The Committees perform various functions in accordance with the provisions of the Treaties that created them. They examine the periodic reports that States have the obligation to present. They can receive information on a country's human rights situation from other sources, such as NGOs, UN agencies, other international organizations, academic institutions, media. The Committee discusses the report together with government representatives and then publishes its recommendations, under the name of "concluding remarks". In addition to this procedure, some Committees can carry out further monitoring functions through three other mechanisms: the investigation procedure; examination of interstate communications; the examination of individual communications. In the latter case the Committee does not have the power to issue judgments, but has the power to enter into the merits and declare whether there has been a violation of rights and to order the state to repair the crime committed. The Committees also publish their interpretation of the content of the human rights norms, known as "general comment".

Currently, the following Committees operate: Committee on the Elimination of Racial DiscriminationHuman Rights Committee (Civil and Political Rights)Committee on Economic, Social and Cultural RightsCommittee on the Elimination of Discrimination Against WomenCommittee against TortureSubcommittee on Prevention of Torture; Committee on the Rights of the ChildCommittee on Migrant WorkersCommittee on the Rights of Persons with DisabilitiesCommittee on Enforced Disappearances.

In April this year, the Chairpersons of all 10 treaty bodies were informed that six of them are very likely to have sessions in 2019 cancelled for financial reasons – an unprecedented consequence of some UN member States delaying payments due to the organisation.

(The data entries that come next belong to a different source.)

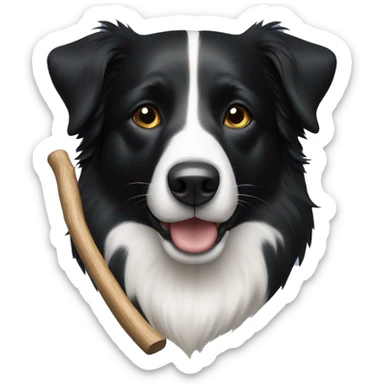 black border collie with full black face with a stick  sticker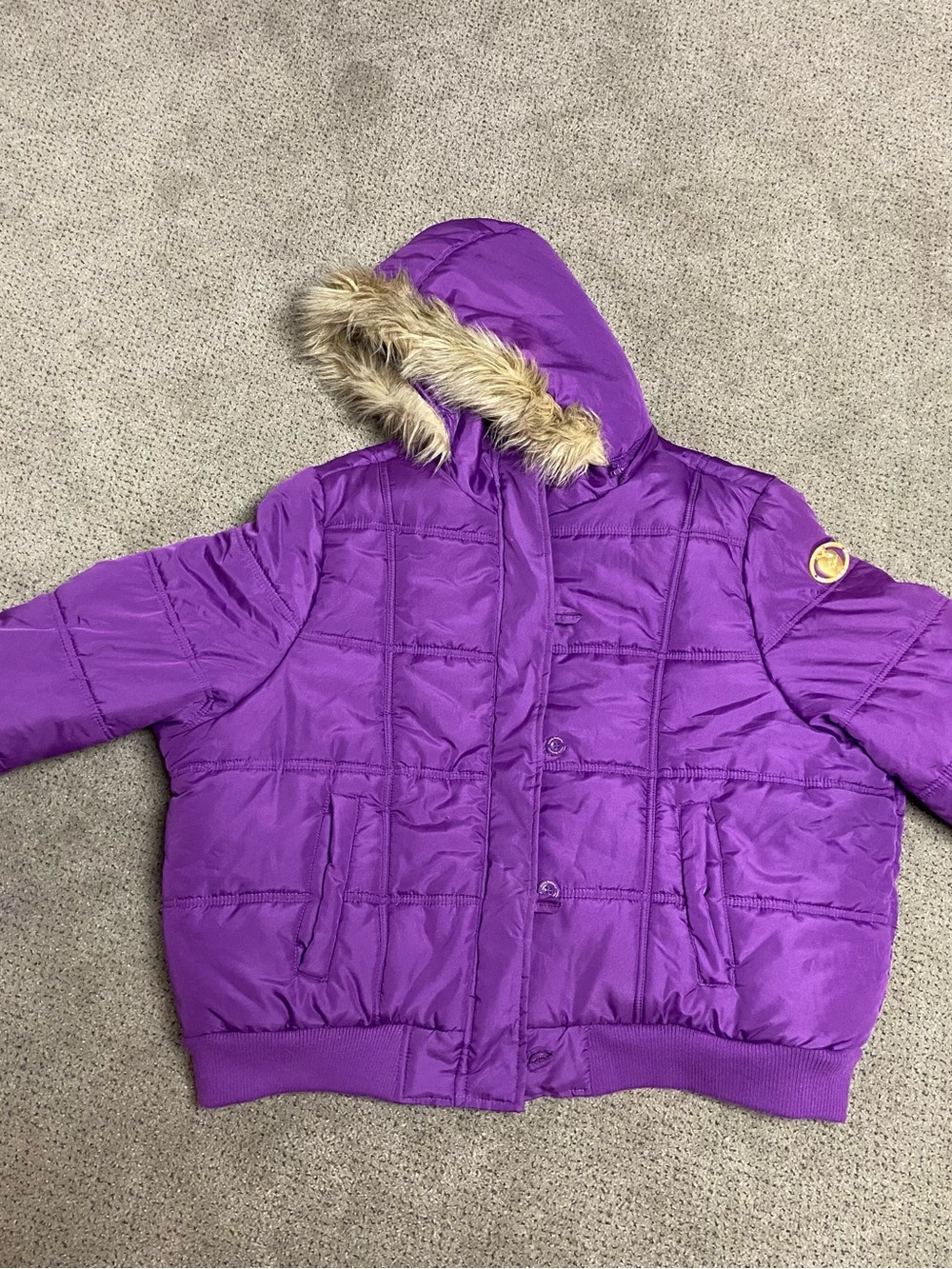 Y2K Apple Bottoms Purple Hooded Puffer with Faux-Fur Trim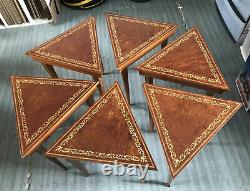 Vintage Reuge Triangular Side/Jewelry Musical Tables Complete Set of 6//EUC//
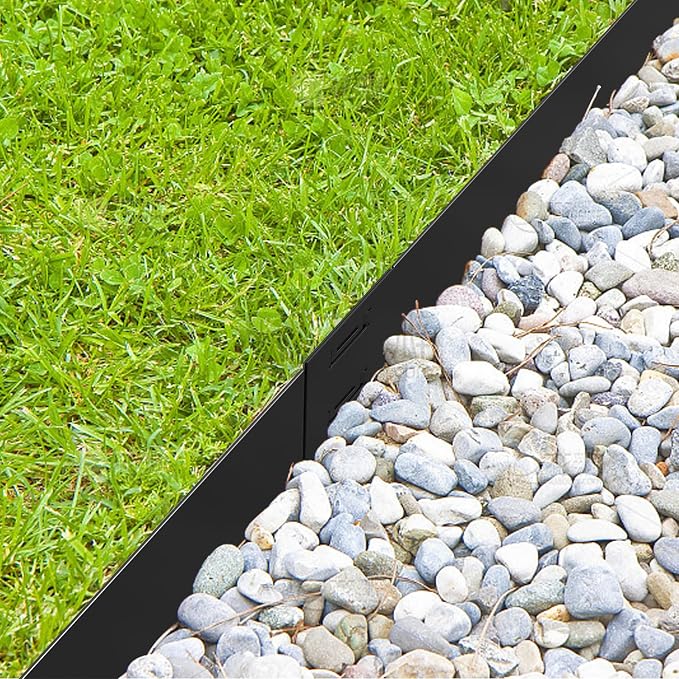 Galvanized Steel Landscape Edging - 40 Inch Strips, 8 Inch Depth, 6-Pack Black Bendable Metal Edging - 20FT Total Length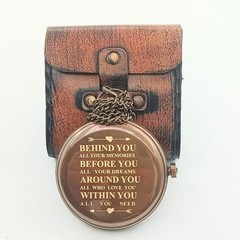 BEHINDE You Engraved Sundial Compass with Leather Case. Personalized Brass Po…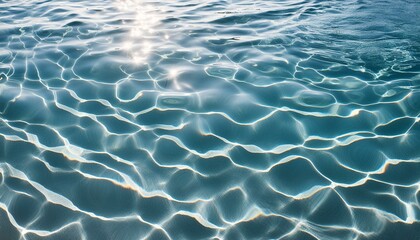 Realistic Water Surface Overlay.  Background with Detailed Ripples and Caustic Light Effects on a Crystal-Clear Water Surface.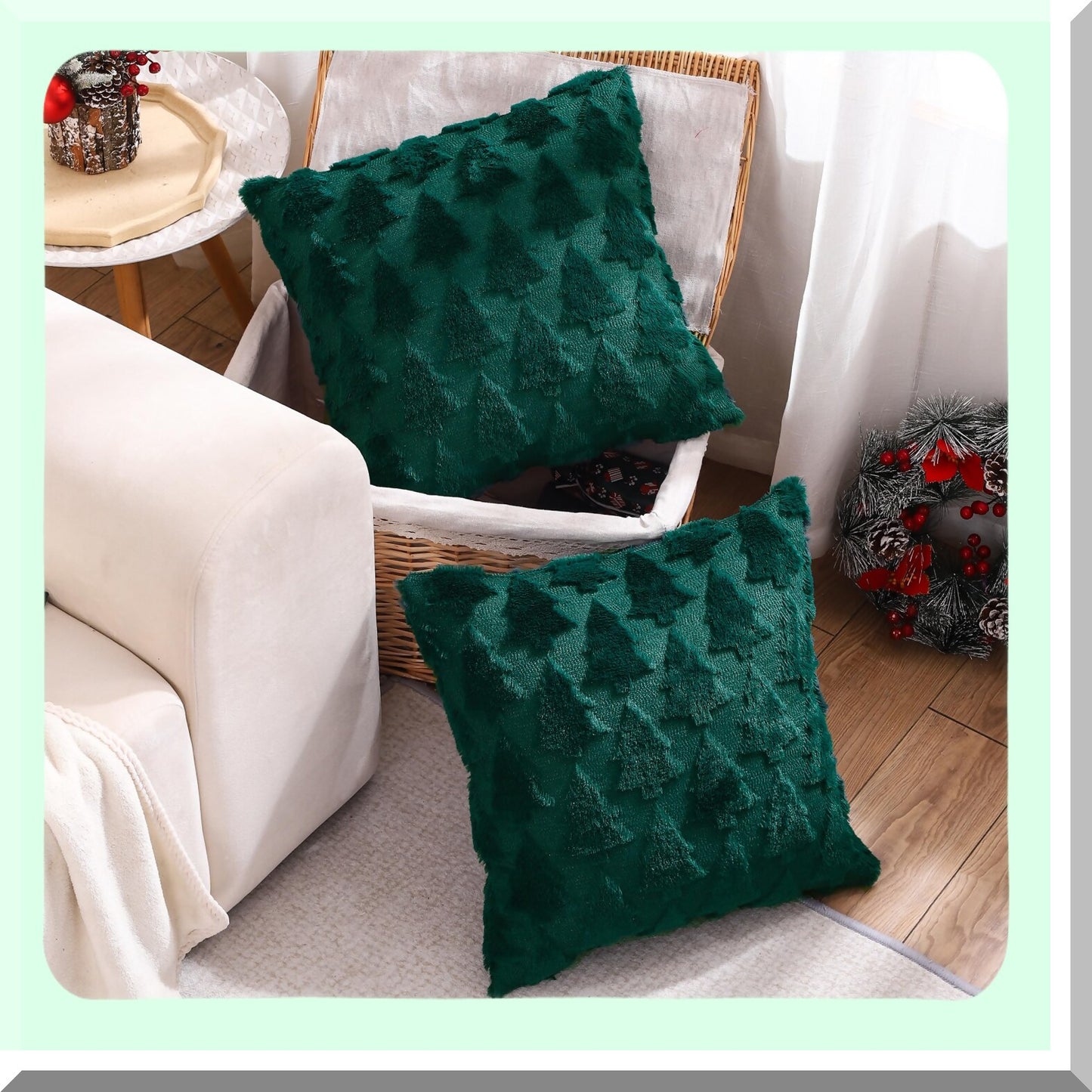 Green Tree Plush Pillowcase Set - 18x18 Inch Holiday Cushion Covers - Soft Square Throw Pillow Cases - Dark Green Decorative Pillow Cover Set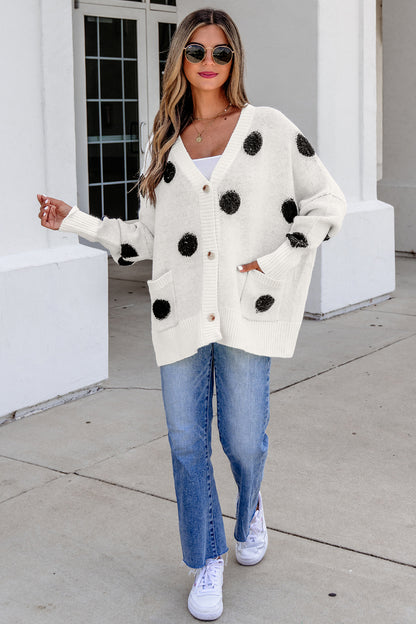 Polka Dot Oversized V Neck Knit Cardigan Sweater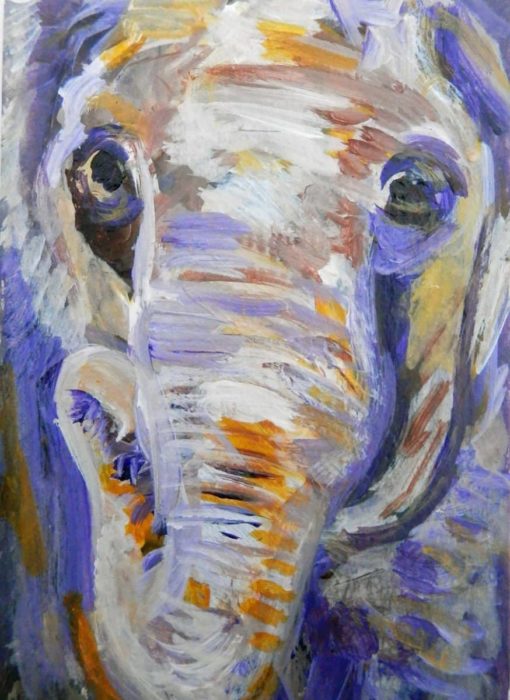Original ACEO Elephant Painting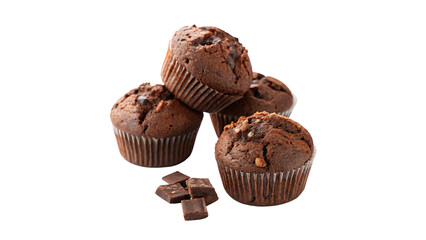  Freshly baked chocolate muffins stacked surface with chocolate chunks beside them on a transparent...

This means that reviews already scheduled with States, as well as consideration of complaints by individual victims of serious human rights violations - including torture, extra-judicial killings, enforced disappearances – will not take place as scheduled. The cancellation of sessions will also have numerous other negative consequences, and will seriously undermine the system of protections which States themselves have put in place over decades.

The Chairpersons of the ten Committees are deeply concerned about the practical consequences of cancelling these sessions and have sent a letter to the UN Secretary General and the High Commissioner for Human Rights, requesting that they, together with Member States, find ways of addressing this situation, as a matter of urgency.